In their influential book To Empower People, Peter Berger and the late Richard John Neuhaus describe the importance of "mediating institutions" to a healthy democratic society. Such institutions include the family, churches, and nonprofit organizations, which stand between citizens and the large institutions of public life.[12]
Mediating institutions are essential for generating and maintaining the operative values of American society. They are also well equipped to provide a helping hand to people in the context of face-to-face relationships. They have intimate knowledge of those in need, and they understand social problems in up-close-and-personal ways. Driven by deep convictions and compassion, such organizations can provide loving forms of assistance and care that government programs cannot offer, and often for less money. Smaller and more flexible than most government bureaucracies, local church congregations and charities can also spawn creative social innovations that benefit those in need.
Berger and Neuhaus argue that public policy should "cease and desist from damaging mediating structures."[13] More than that, public policy should protect mediating institutions and, where possible without co-opting them, empower them in their efforts to promote the common good.
The tax plan in President Obama's budget blueprint runs counter to the basic philosophy underlying these propositions. The President's proposal conveys the belief that government can decide better than individuals how their dollars should be spent.
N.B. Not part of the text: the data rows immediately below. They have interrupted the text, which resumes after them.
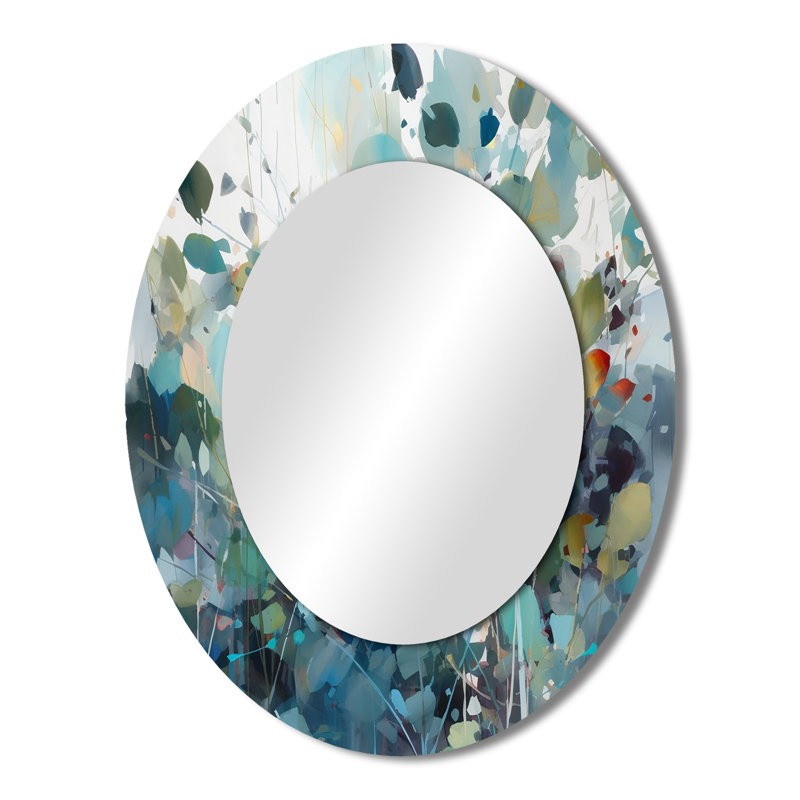 Miroir mural vert Green Leaf Foliage III, 43 po x 33 po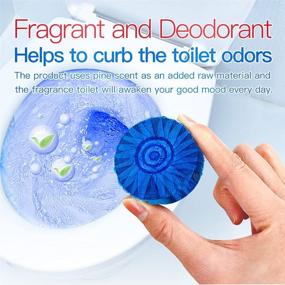 img 2 attached to 🚽 Efficient and Refreshing Automatic Toilet Bowl Cleaner Tablets - 18 Pack, Long-lasting 300 Brushes, Mild Fresh Pine Scent, Blue Toilet Bowl Bubbles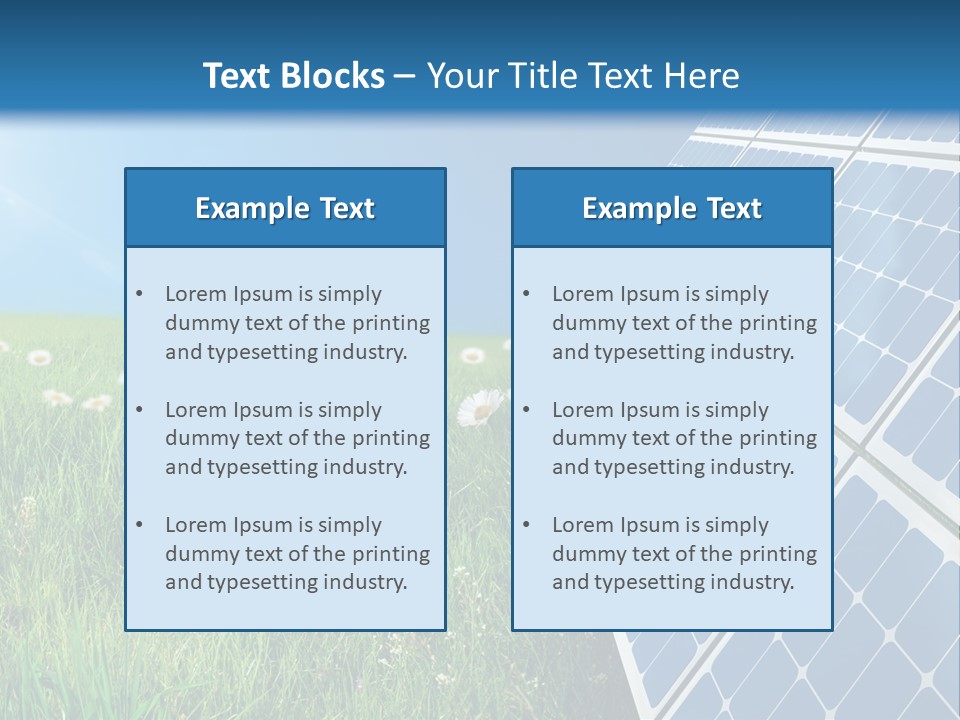 Cell Light Summer PowerPoint Template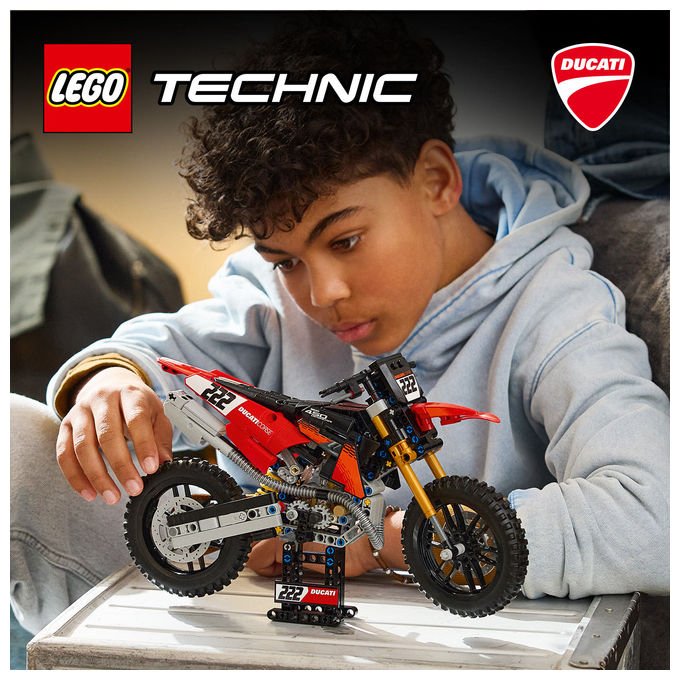 Lego 42238 Technic Moto da Costruzione con Dettagli Realistici 457 pezzi colore Multicolore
It also implies that the state should assume responsibility for people's needs even at the expense of vital mediating institutions. Ultimately, it communicates the notion that America is better off with expansive and intrusive government than it is with limited government.
In short, President Obama's proposed tax plan would weaken the role of the local, the personal, and the voluntary. It would penalize those who can give the most, shift dollars from citizens and local private charities to distant government bureaucracies, and prioritize mandatory taxation over voluntary tithing and charitable giving.
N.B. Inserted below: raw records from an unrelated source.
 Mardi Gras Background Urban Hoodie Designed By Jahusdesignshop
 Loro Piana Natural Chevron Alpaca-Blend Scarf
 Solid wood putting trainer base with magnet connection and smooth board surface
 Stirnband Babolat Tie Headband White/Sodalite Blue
Such messages are important-perhaps more important than the amount by which charitable giving would decline in the short term. These messages say that people should look more to government for help in times of need. They direct people's assumptions and expectations about how the common good should be pursued in society.
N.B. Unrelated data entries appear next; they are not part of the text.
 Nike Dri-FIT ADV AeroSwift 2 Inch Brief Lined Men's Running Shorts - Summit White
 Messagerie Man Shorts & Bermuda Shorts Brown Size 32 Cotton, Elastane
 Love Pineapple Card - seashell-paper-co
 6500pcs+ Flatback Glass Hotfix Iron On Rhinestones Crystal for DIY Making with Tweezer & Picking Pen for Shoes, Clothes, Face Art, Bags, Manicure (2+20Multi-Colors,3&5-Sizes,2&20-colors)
Regrettably, President Obama's proposed tax changes move the dial of social responsibility one more notch in the direction of the state. This sets a course for adopting many future policies that could chip away at local, personal, and mutual obligations and increase dependence on government. The President's vision of expanding government control of health care exemplifies this mindset, and his objective of government-controlled health care is driving the plan to raise taxes and reduce charitable deductions for wealthy citizens.
Conclusion
President Barack Obama should use his presidential authority and influence to encourage voluntary giving and protect nonprofit groups, especially during tough economic times. President Obama speaks articulately and often of the important roles that charitable institutions play in America. He should send an equally clear message in his policy. Reconsidering the proposed tax changes regarding charitable donations would be a good place to begin.
Ryan Messmore is William E. Simon Fellow in Religion and a Free Society in the Richard and Helen DeVos Center for Religion and Civil Society at The Heritage Foundation.